Statistical Modeling 101

Modeling 101

Mom used to joke that her son was a model. Why? Because I do modeling. Obviously, I’ve never done that sort of modeling, but it may not be obvious to everyone what I mean by modeling. Let me give you an illustration with a simple example of supervised learning.

Supervised learning refers to statistical models with one or more dependent variables which we try to understand or predict using one or more independent variables. Note that outcome and predictor are now often used in place of dependent and independent variable, and I will use these terms interchangeably in this article.

Regression is probably the most popular type of supervised learning. There are many others, including methods ambiguously called machine learning. (Regression itself is considered machine learning by many data scientists.)

Say, for instance, we have purchase data for a certain product category. We’d like to use these data to better understand why some people purchase this type of product more (or less) often than others do. Based on what we’ve learned from previous research, agegenderhousehold income and household size are our candidate predictors. Remember, this is only a hypothetical example and in a real setting there probably would be many more predictors we would consider.

Our basic regression model could be represented in English as follows:

Purchase Frequency = intercept + Age + Gender + Household Income + Household Size + error

Intercept is the value of purchase frequency when the predictors are all zero. Error denotes deviations of our model’s predicted purchase frequency from actual purchase frequency. It’s what the model is unable to explain and is a very important part of the equation.

Even uncomplicated regressions such as this hypothetical one aren’t simply a case of clicking and dragging variable names into boxes. We have many decisions to make, including those when we’re setting up and cleaning our data. Regression comes in many flavors and the nature of the dependent variable determines which type of regression we should use. This is a critical decision.

For example, purchase frequency might have been obtained from a consumer survey with the answer categories every day, 2-3 times a week, once a week, 2-3 times a monthonce a month, and less than once a month. This is an ordinal scale and our usual regression, which assumes interval data (equally-spaced categories) or continuous data, would be inappropriate. Some form of ordinal regression, and there are many, would be a better choice.

On the other hand, we might have a record of the number of times each consumer had bought the product over a three-month period, for example. Here, Poisson regression or another kind of regression designed for data of this type would be most suitable. There are more than twenty kinds of regressions for count data I know of.


There are other decisions that pertain to the right-hand side of the equation. We might need to recode gender as Female = 1, Male = 0, for example. This is usually called dummy coding, though other terms are also used. Likewise, we might collapse household income and household size into fewer categories and recode them as dummy variables – that is just one possibility and not a wise choice in every situation.
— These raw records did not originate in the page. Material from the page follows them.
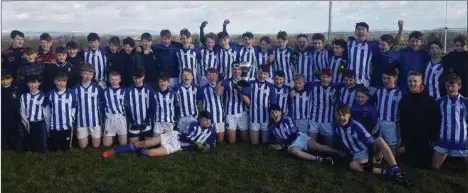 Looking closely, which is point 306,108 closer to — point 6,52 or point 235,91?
point 235,91

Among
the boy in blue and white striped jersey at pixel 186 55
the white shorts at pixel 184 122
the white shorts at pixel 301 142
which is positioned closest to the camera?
the white shorts at pixel 301 142

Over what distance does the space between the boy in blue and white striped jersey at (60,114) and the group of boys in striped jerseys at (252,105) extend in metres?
0.01

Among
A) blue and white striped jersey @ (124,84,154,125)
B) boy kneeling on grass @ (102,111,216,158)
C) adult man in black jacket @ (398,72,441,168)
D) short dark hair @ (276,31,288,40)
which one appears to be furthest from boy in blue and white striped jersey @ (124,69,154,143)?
adult man in black jacket @ (398,72,441,168)

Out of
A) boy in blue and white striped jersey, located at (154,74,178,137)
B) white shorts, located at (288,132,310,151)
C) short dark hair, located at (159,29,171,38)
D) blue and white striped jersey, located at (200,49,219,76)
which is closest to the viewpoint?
white shorts, located at (288,132,310,151)

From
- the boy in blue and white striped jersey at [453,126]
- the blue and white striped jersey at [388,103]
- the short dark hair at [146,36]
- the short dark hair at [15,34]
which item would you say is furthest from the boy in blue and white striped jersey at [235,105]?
the short dark hair at [15,34]

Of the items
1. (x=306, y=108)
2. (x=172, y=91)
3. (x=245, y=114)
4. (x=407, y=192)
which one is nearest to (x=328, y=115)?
(x=306, y=108)

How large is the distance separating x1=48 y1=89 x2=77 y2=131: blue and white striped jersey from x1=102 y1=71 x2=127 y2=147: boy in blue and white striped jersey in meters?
0.47

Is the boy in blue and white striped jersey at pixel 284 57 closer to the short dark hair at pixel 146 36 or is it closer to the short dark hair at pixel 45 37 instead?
the short dark hair at pixel 146 36

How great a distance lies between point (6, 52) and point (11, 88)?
90cm

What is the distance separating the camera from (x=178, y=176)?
4891 millimetres

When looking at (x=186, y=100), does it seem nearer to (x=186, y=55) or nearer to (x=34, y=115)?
(x=186, y=55)

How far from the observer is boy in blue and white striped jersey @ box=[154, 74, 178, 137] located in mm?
6113

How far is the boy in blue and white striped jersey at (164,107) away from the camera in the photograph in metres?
6.11

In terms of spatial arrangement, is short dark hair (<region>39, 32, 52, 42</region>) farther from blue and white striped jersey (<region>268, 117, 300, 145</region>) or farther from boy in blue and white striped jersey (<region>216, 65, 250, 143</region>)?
blue and white striped jersey (<region>268, 117, 300, 145</region>) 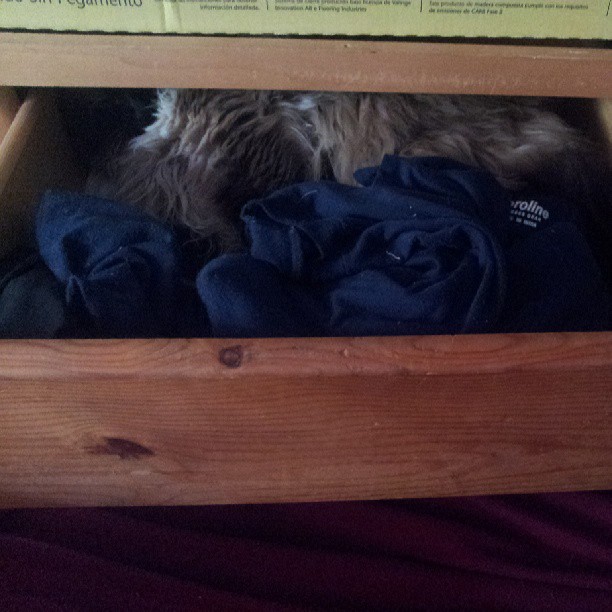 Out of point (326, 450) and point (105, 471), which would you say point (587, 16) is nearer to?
point (326, 450)

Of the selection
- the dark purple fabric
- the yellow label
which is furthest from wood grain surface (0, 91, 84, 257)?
the dark purple fabric

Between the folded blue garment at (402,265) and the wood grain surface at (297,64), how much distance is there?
0.26 feet

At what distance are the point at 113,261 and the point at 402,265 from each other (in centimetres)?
23

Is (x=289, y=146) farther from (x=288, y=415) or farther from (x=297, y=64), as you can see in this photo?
(x=288, y=415)

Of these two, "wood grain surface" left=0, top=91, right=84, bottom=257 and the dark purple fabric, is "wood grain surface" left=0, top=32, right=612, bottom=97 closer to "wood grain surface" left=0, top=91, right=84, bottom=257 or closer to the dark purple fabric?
"wood grain surface" left=0, top=91, right=84, bottom=257

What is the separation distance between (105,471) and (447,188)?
14.2 inches

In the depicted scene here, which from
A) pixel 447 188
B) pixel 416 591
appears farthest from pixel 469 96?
pixel 416 591

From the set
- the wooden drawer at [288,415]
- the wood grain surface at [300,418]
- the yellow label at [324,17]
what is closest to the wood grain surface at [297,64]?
the yellow label at [324,17]

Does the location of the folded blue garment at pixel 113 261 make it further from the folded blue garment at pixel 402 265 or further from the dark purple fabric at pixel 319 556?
the dark purple fabric at pixel 319 556

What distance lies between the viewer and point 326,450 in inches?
19.8

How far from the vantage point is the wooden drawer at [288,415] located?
406 mm

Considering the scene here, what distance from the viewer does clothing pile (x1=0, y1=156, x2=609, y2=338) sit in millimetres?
494

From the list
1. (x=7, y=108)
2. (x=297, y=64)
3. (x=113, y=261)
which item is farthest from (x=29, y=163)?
(x=297, y=64)

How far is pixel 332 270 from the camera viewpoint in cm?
54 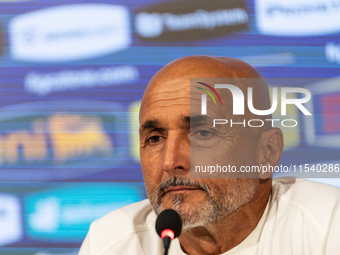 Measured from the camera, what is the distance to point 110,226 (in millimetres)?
1613

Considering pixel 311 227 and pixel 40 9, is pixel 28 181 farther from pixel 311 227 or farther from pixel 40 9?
pixel 311 227

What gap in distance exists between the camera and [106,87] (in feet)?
6.73

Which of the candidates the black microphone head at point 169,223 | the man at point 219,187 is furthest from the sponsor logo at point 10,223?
→ the black microphone head at point 169,223

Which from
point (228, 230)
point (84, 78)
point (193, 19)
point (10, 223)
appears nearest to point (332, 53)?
point (193, 19)

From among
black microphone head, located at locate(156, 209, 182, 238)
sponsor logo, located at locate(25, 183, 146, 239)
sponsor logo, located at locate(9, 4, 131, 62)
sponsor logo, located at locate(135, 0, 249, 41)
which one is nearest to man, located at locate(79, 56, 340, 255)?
black microphone head, located at locate(156, 209, 182, 238)

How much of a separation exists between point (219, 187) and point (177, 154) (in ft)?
0.63

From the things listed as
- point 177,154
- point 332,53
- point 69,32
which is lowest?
point 177,154

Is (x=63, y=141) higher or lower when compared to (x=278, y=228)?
higher

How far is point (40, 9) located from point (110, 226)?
4.07 ft

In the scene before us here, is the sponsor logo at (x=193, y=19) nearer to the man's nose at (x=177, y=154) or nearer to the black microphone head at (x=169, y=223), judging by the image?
the man's nose at (x=177, y=154)

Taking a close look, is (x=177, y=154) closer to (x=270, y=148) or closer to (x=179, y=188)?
(x=179, y=188)

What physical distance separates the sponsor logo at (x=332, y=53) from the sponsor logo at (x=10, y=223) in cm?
182

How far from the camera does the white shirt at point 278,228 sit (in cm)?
127

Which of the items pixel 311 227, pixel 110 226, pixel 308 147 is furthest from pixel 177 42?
pixel 311 227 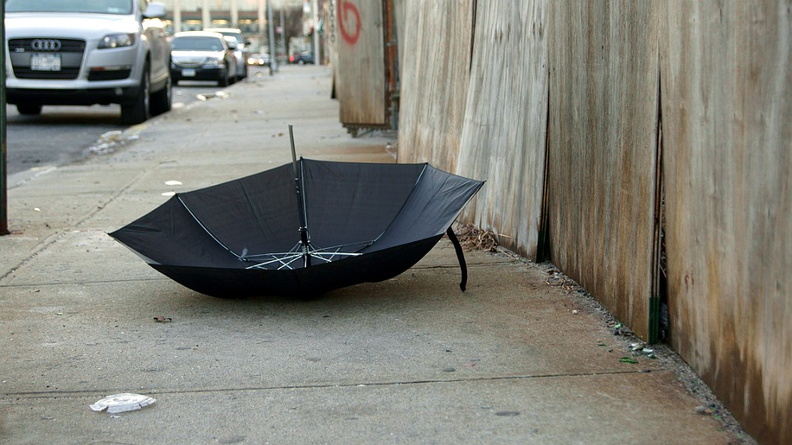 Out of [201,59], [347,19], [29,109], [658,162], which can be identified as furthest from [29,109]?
[658,162]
Age might need to be transformed in some way – it’s common to center variables such as age on the data mean or some value that makes intuitive sense. For example, if the mean age of the consumers in our data is 40, a 50 year-old would be recoded as 10 and a 30 year-old as -10. This way, the intercept would be meaningful since none of our consumers would be zero years of age. The relationship between age and purchase frequency could be curvilinear, in which case some variety of spine or polynomial regression might be used. There are many options.

There may also be interactions, moderated effects in which, for example, the association between age and purchase frequency depends on gender.

Multilevel, mixture or longitudinal modeling might also be considered. These are advanced topics but, in our example, multilevel modeling could be used to account for geographic patterns in our data. Mixture modeling is quite complex, but one type essentially blends regression and cluster analysis. We might find, for instance, that separate regression equations are needed for different segments of consumers. Longitudinal analysis would be used if we’d like to study how the behavior of consumers changes over time, perhaps in response to marketing activity.

Bayesian methods are becoming mainstream and often are alternatives to traditional maximum likelihood estimation. The pros and cons of the two approaches is a big topic and one on which authorities frequently clash, but this is another choice we must make.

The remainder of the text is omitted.